Et le coffre fut lancé par-dessus le bord, aux acclamations de tout l'équipage, persuadé que la tempête cesserait quand il n'y aurait plus rien à bord qui eût appartenu au pauvre Ulrik…
Au contraire, la tempête redoubla de violence. J'entendis une horrible explosion; c'était notre grand'voile que le vent venait d'emporter, d'emporter si rapidement, que je ne vis qu'un point blanc tourbillonner et disparaître en une seconde.
– Malédiction… enfer!.. criai-je… Dieu est juste!..
– C'est qu'il y a encore ici quelque chose au Croque-Mort, dit l'imperturbable voilier. Mousse, descends et cherche, et gare à ta peau si tu ne trouves rien…
Cinq minutes après, le mousse remonta avec un vieux, vieux bonnet de laine rouge, oublié dans un coin de la chambre d'Ulrik…
Allons, dit le voilier, en le jetant à la mer… allons, on n'a plus rien à lui… Tais-toi, et fais calme…
Un hasard… (était-ce un hasard)? voulut que les deux ou trois dernières raffales qui nous avaient durement drossés furent, comme on dit, la queue du grain… Le vent tomba, le ciel s'éclaircit, la brise souffla légère, et la mer calmit… Depuis ce moment, notre traversée fut heureuse, fut la plus heureuse que j'aie faite, et nous arrivâmes à Buénos-Ayres le 1er janvier.
N. B. Le lecteur m'excusera de ne pas lui dévoiler le mystère ou la fatalité qui semble se rattacher au mot mère et au nombre treize; mais ne l'ayant jamais su moi-même, je n'ai rien voulu ajouter qui pût dénaturer un fait vrai.
VOYAGES
CHAPITRE PREMIER.
Narcisse Gelin eut l'idée de voir la mer, en regardant un moulin à vent
Narcisse Gelin était un bon jeune homme, bien doux et bien honnête; son père, Bernard Gelin, qui tenait un magasin de merceries, rue du Cadran, lui fit donner une éducation libérale.
Aussi à 19 ans, trois mois et un jour, Narcisse Gelin ayant terminé sa philosophie, aurait pu, s'il eût voulu, raisonner fort proprement sur l'âme et les idées innées; mais Narcisse préféra ne pas raisonner du tout.

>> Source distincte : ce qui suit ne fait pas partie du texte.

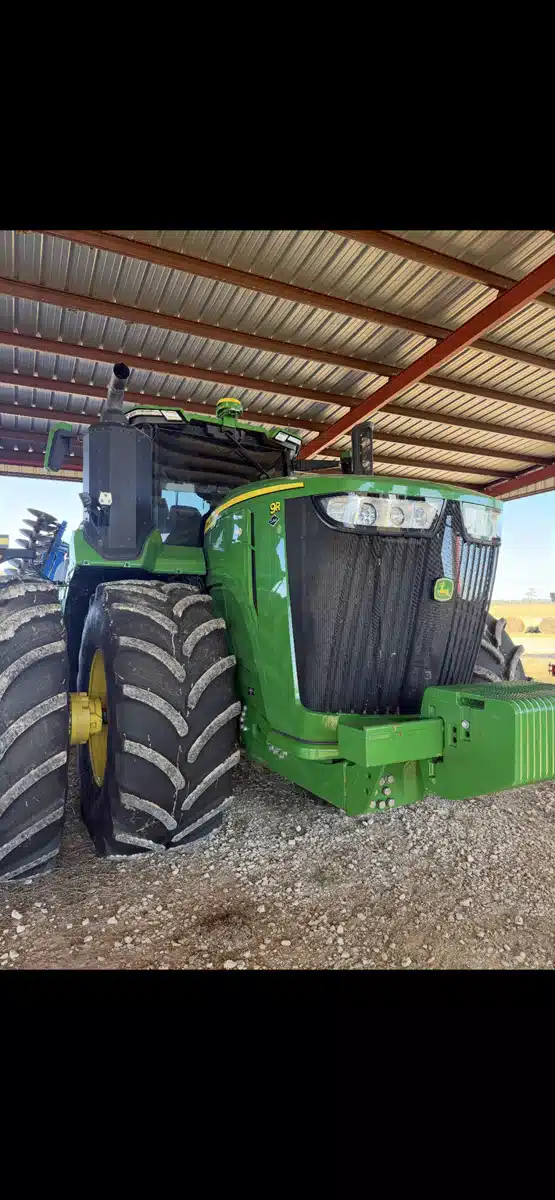 Gallery image 1 for 2023 John Deere 9R 640 Tractor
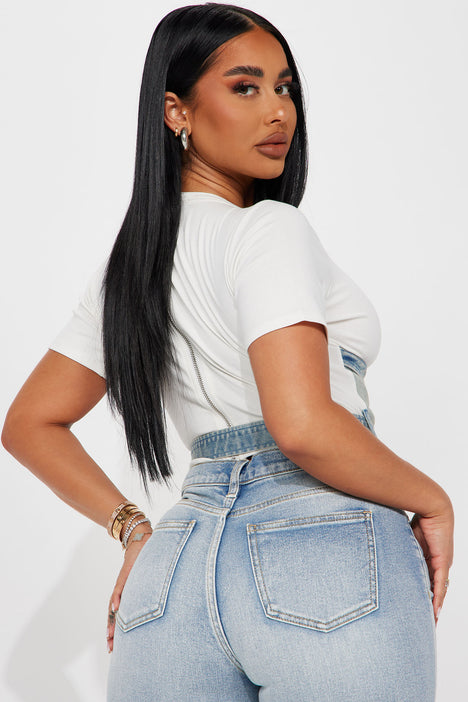 Fashion Nova - That booty in our jeans though... 🍑 Shop... | Facebook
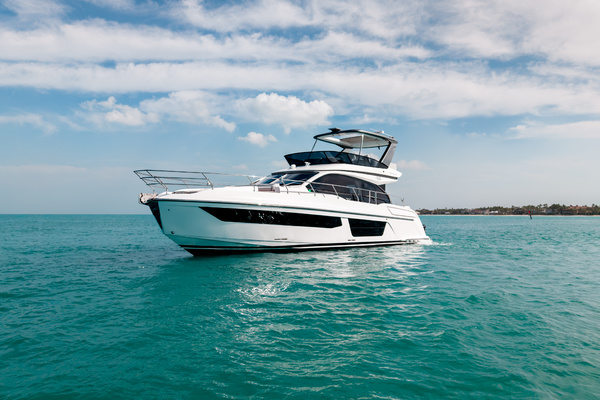2024 Azimut 53 FLY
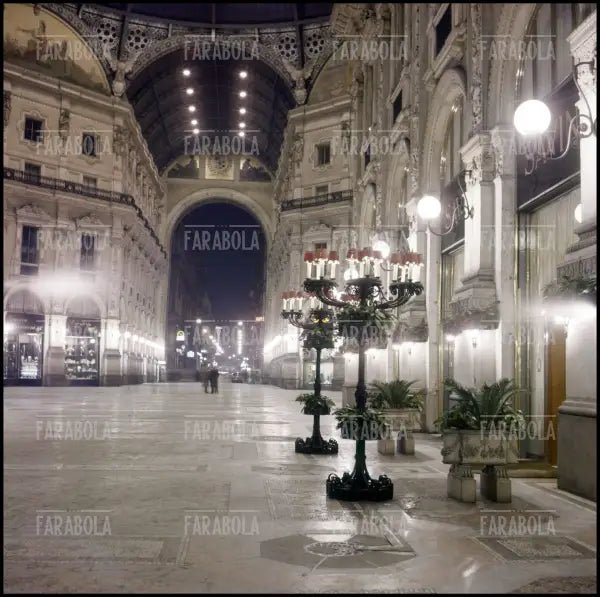 Ristorante Savini in Galleria Vittorio Emanuele II, Milano, anni 60 - Farabola Immagine digitale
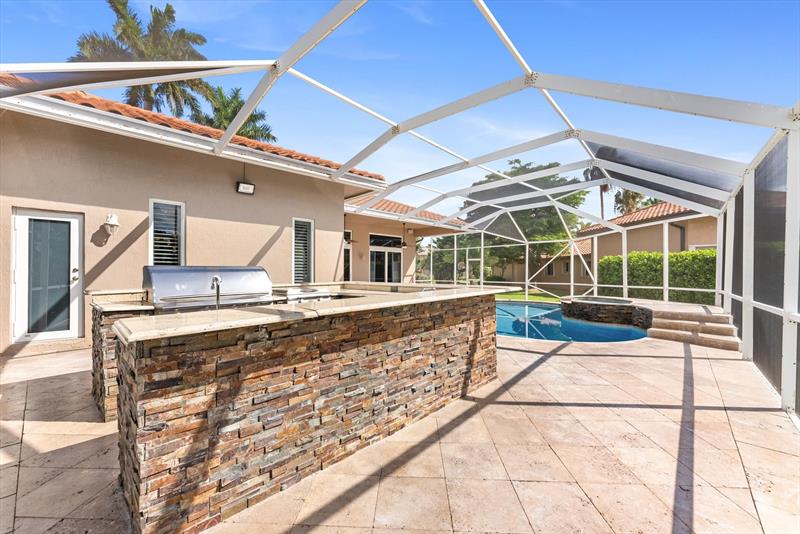 Image 43 of 50 For 6689 70th Pl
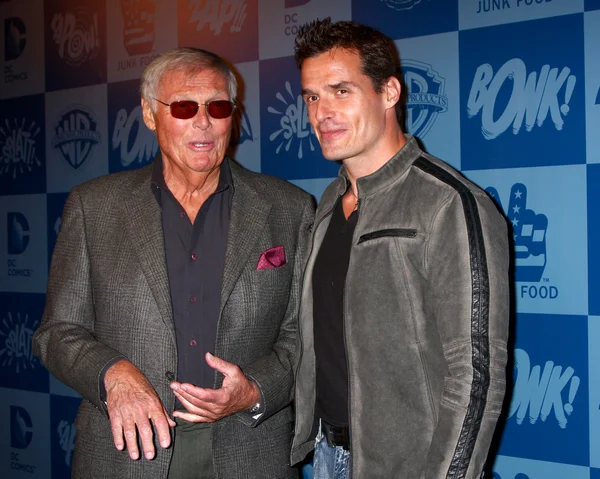 Adam West, Antonio Sabato Jr — Stockfoto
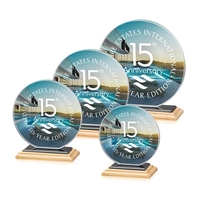 Our extraordinary cut Victoria Award features a flat edged Starfire disc......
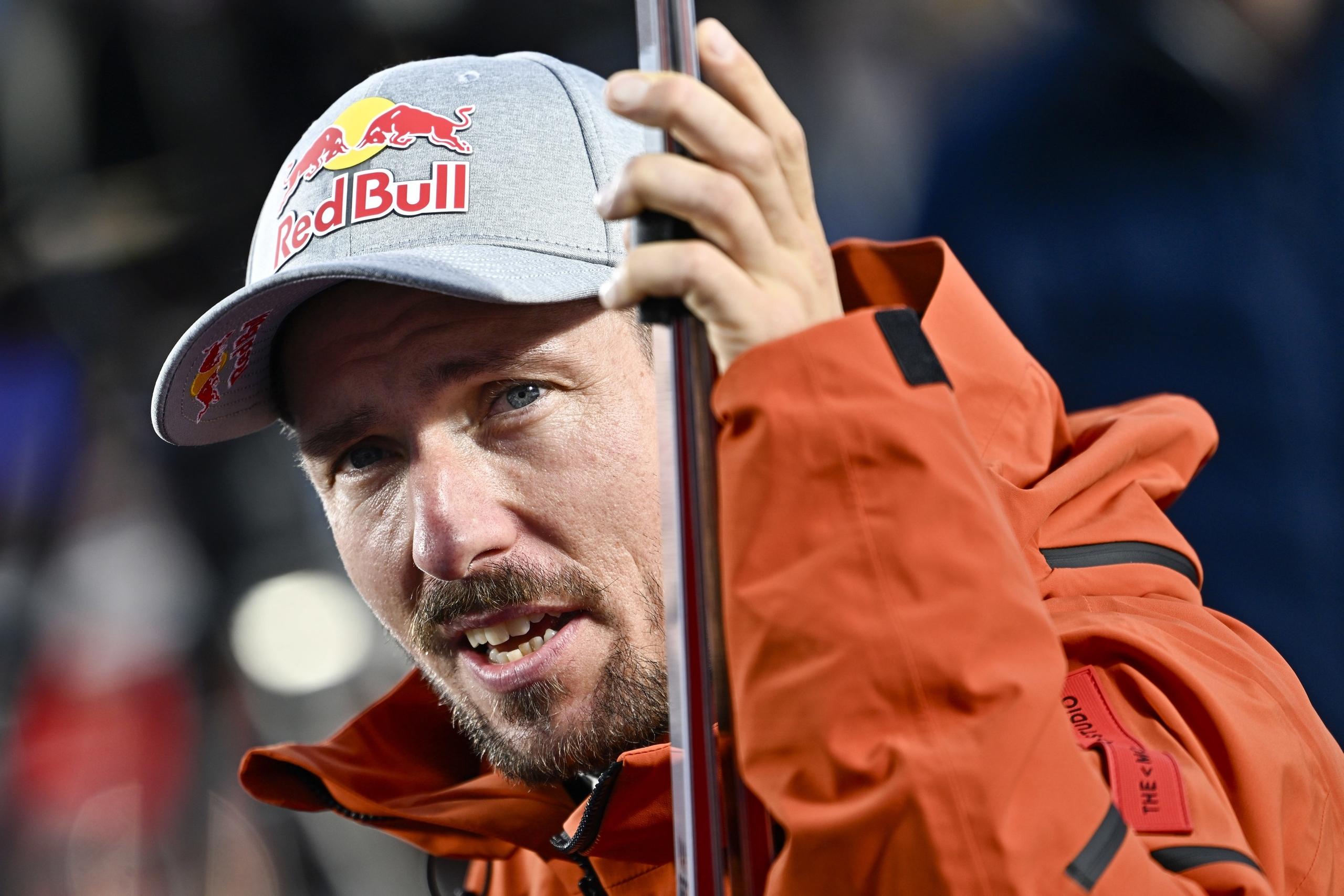 27.10.2024, Österreich, Sölden: Ski alpin, Weltcup, Riesenslalom, Herren, 2. Durchgang in Sölden: Marcel Hirscher (Niederlande) steht im Ziel.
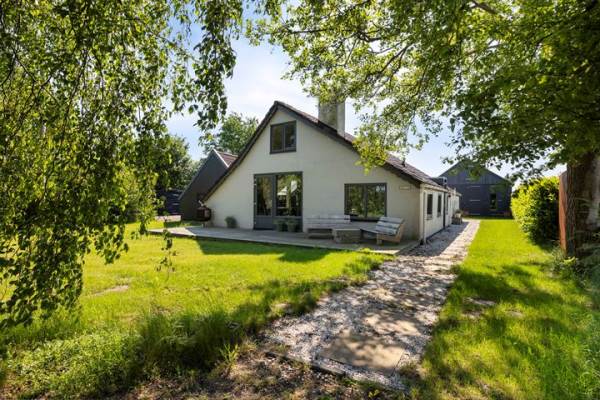 Woning Veldweg 8 Nieuw-Roden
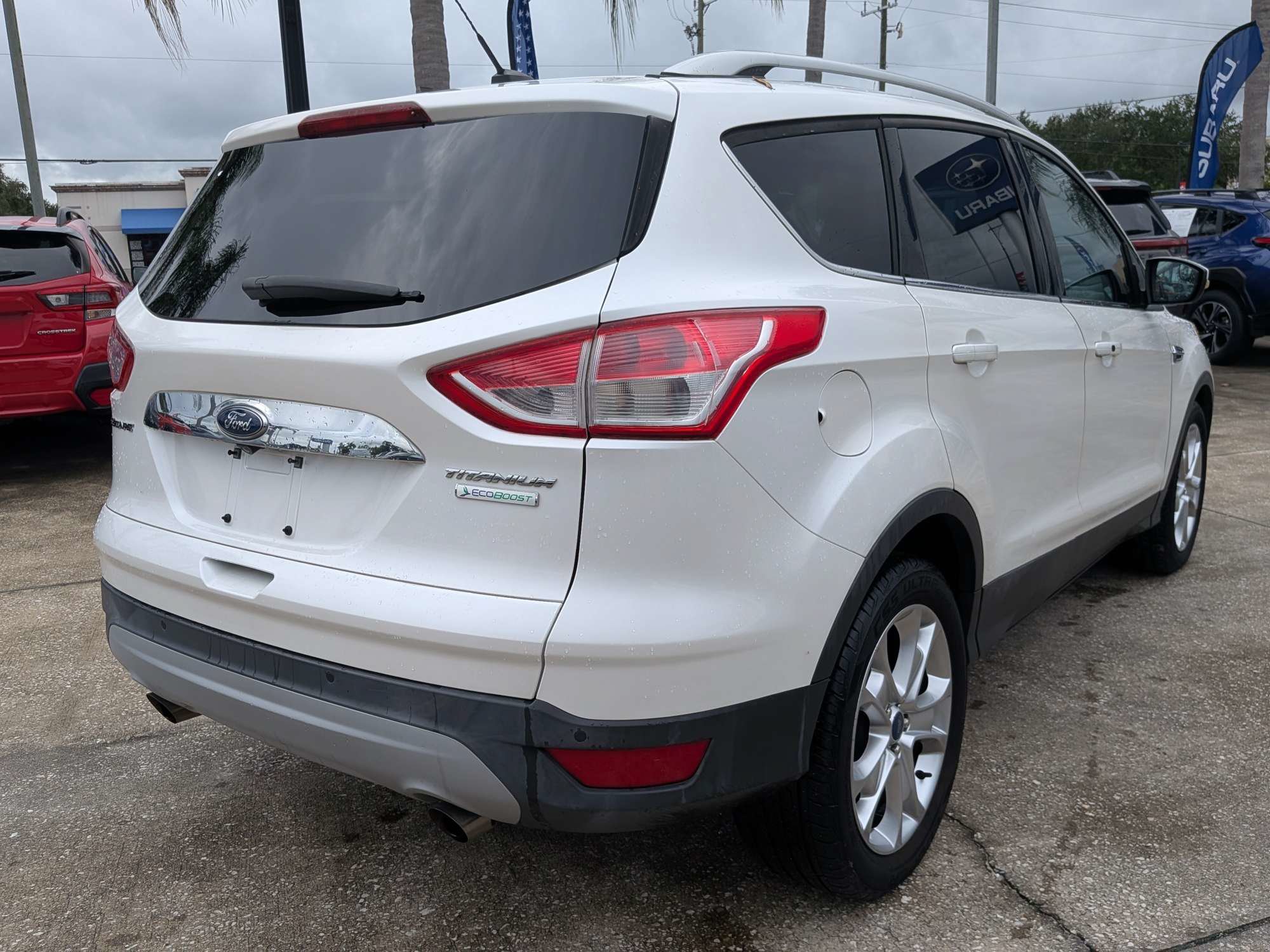 Used 2016 Ford Escape Titanium FWD image 3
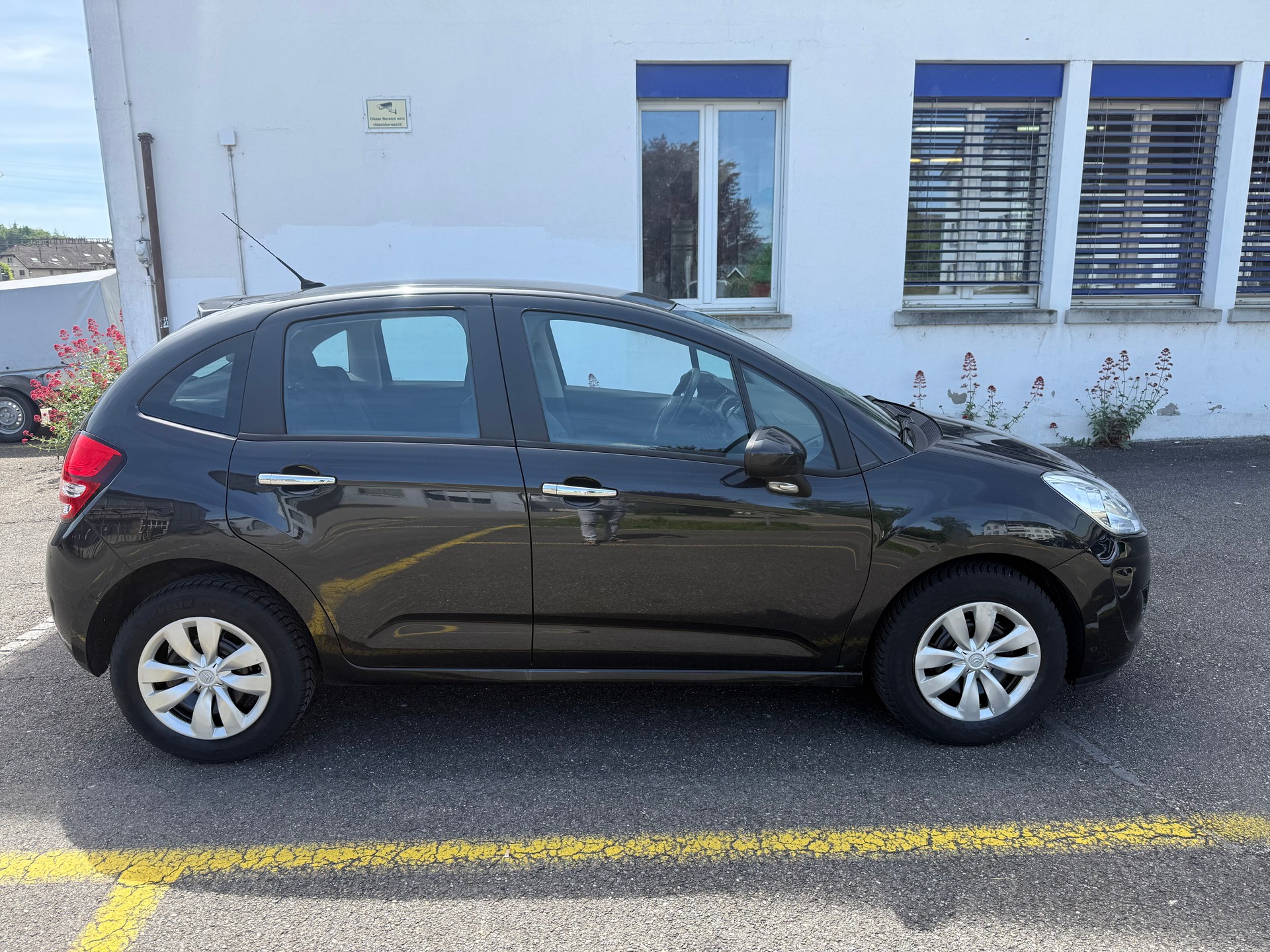 CITROEN C3 1.4i Attraction-image-2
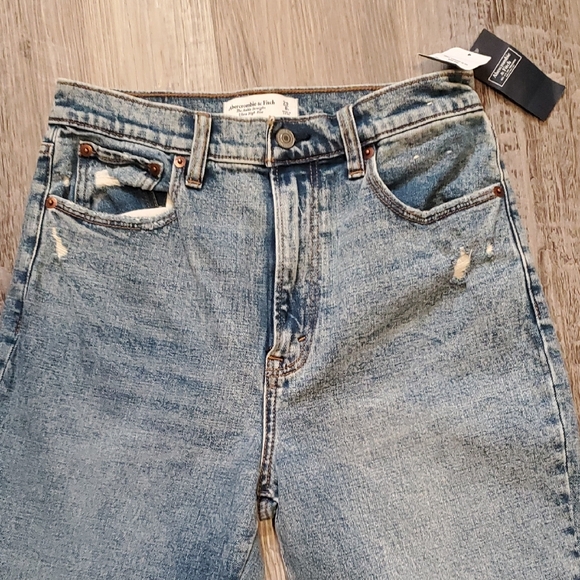 Abercrombie & Fitch Ankle Straight High Rise Jeans - Picture 3 of 8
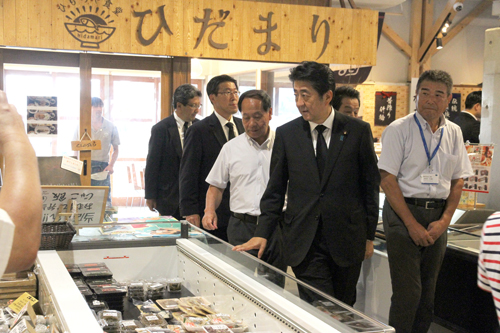新鮮な魚介類や練り製品、ジビエ肉などの売り場を見学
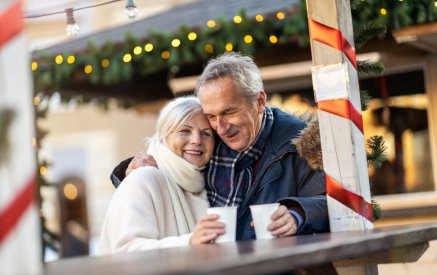 Glückliches Paar auf dem Weihnachtsmarkt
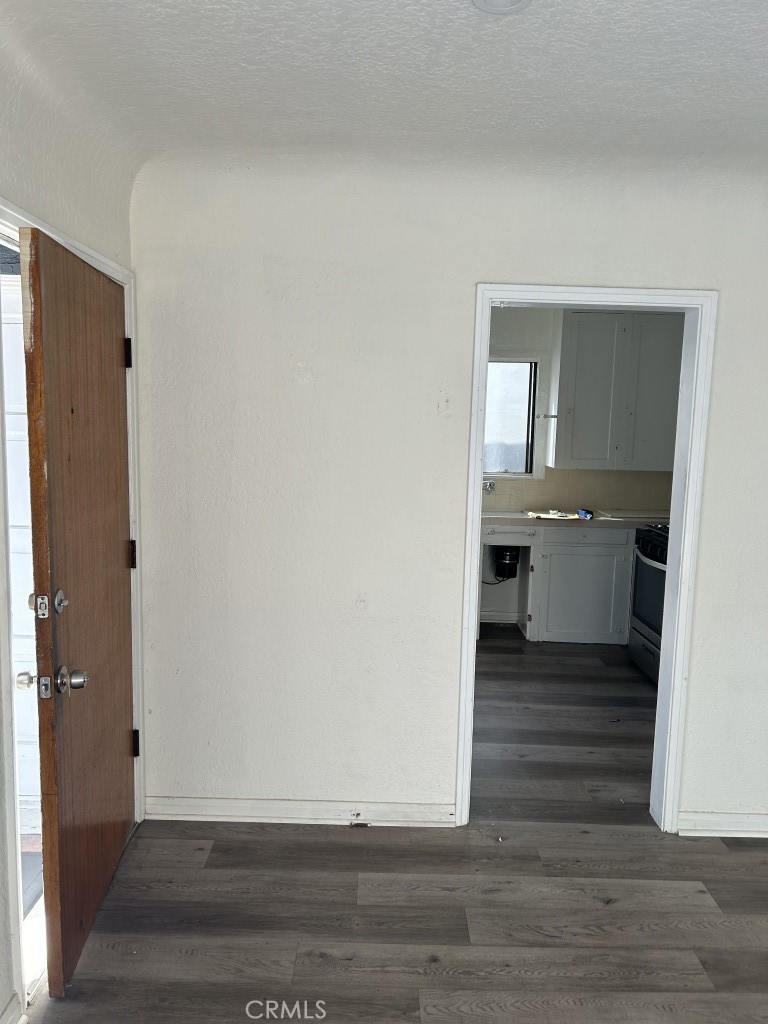 323 35th Property Photo 14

Doué d'une imagination ardente, vagabonde, puissante et désordonnée, sentant bouillonner en lui l'âme d'un poète, il dit à son père Bernard Gelin: – Je serai poète… je suis poète. – Sois donc poète, dit Bernard, qui exécrait ses voisins et adorait son fils. – D'autant plus, ajouta-t-il, que ça vexera Jamot l'épicier dont le fils n'est qu'un homme de lettres.
Et voilà comment Narcisse fut poète.
Du jour où Narcisse fut poète, il allait en coucou chercher la poésie aux Batignoles, à Vincennes et aux Près Saint-Gervais. Il se pâmait devant les arbres poudreux des grandes routes, s'extasiait devant les moulins à vent, dont la meule insouciante broie également le froment du riche et du pauvre, et dont les ailes agitées par le vent ressemblent aux voiles d'un navire…
A cette pensée de navire, Narcisse Gelin, qui n'avait jamais vu de navire, tressaillit. Tout à coup une pensée soudaine l'illumina. La véritable poésie n'est pas, décidément, sur terre, se dit-il; elle est sur mer: là, une vie rude et énergique; là, des tempêtes; là, des combats; là, des hommes forts; là des hommes âpres; là des hommes à part… – Je verrai la mer, j'irai sur mer.